## [Goal of the exercise]
How many lines in the listing contain the word "Advanced"? Reply with the number alone.

/---

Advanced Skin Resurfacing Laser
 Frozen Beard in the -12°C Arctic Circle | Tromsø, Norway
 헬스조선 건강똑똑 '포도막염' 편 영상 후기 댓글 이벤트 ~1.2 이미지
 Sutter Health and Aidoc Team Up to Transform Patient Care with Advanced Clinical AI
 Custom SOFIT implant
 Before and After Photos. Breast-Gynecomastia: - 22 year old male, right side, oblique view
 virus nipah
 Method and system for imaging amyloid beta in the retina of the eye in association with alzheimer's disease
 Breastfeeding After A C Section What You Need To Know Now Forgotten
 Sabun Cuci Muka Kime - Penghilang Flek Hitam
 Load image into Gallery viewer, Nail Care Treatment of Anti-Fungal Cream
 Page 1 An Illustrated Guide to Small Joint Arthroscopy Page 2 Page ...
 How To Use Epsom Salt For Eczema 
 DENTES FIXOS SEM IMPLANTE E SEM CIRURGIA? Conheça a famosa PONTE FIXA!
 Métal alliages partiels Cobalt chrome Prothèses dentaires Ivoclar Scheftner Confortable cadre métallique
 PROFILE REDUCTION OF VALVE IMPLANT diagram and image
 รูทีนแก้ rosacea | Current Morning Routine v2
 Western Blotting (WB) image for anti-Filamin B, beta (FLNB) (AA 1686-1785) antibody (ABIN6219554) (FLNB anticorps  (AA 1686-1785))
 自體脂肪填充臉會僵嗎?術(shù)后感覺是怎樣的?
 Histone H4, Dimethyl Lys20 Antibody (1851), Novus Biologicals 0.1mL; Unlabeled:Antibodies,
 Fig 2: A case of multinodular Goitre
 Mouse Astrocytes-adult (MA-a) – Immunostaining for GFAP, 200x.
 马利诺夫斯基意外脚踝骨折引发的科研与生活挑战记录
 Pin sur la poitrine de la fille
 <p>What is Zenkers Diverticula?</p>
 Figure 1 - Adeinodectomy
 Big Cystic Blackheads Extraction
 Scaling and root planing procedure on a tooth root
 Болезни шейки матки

\---

## [Result of the task]
2